WHAT YOU SHOULD DO:
Below is a listing. Set down exactly the lines from the one containing "Rickie Freeman for" through the one containing "Spring 2005 Prada", both ends included, and leave out the rest.

MATERIAL PROVIDED:
========
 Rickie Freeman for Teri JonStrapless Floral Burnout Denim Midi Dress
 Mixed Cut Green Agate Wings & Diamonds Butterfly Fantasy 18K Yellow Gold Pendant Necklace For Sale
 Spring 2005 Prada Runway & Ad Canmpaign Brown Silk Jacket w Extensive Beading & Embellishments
========
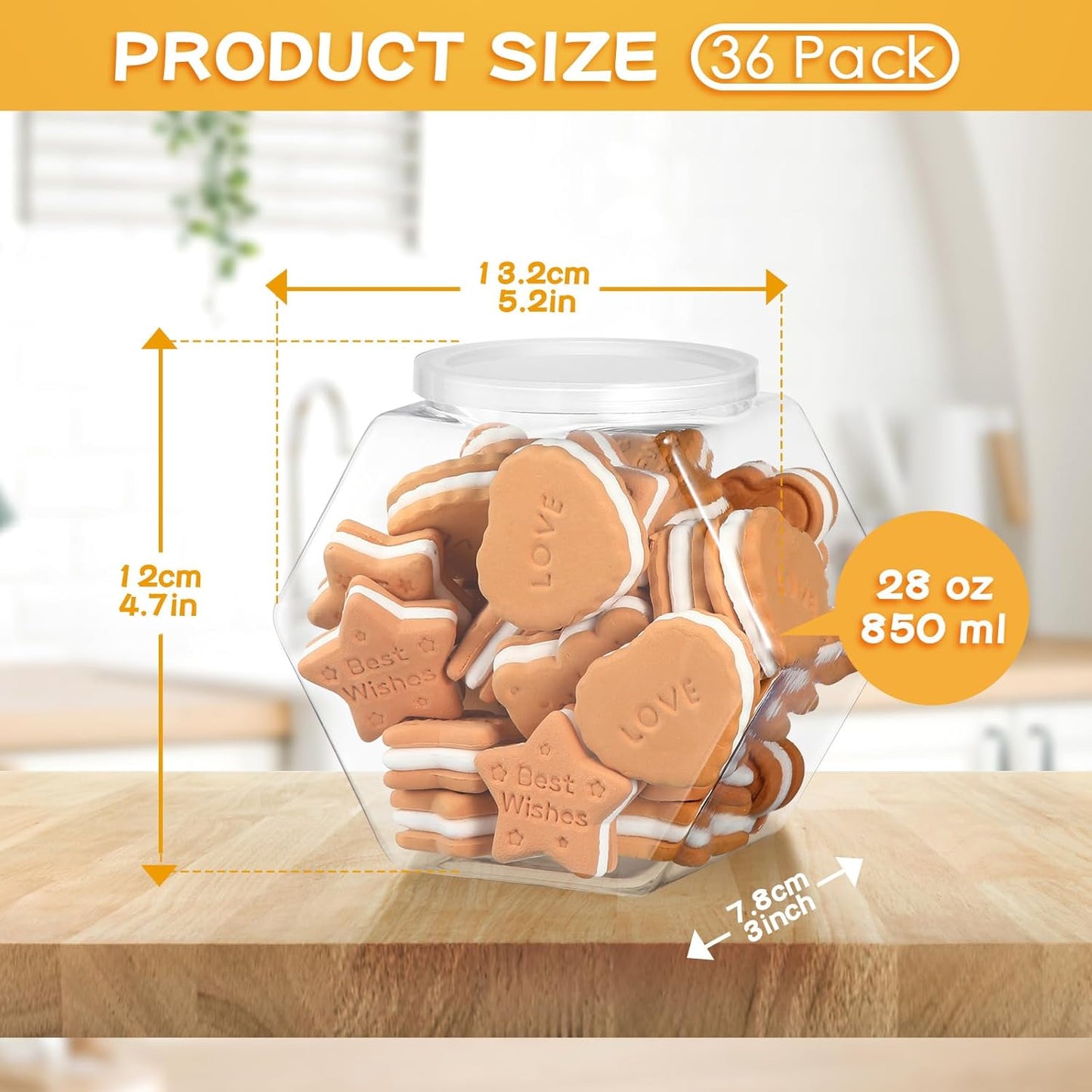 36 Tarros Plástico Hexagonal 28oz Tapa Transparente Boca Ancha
========
OUTPUT FOR THIS TASK:
 Rickie Freeman for Teri JonStrapless Floral Burnout Denim Midi Dress
 Mixed Cut Green Agate Wings & Diamonds Butterfly Fantasy 18K Yellow Gold Pendant Necklace For Sale
 Spring 2005 Prada Runway & Ad Canmpaign Brown Silk Jacket w Extensive Beading & Embellishments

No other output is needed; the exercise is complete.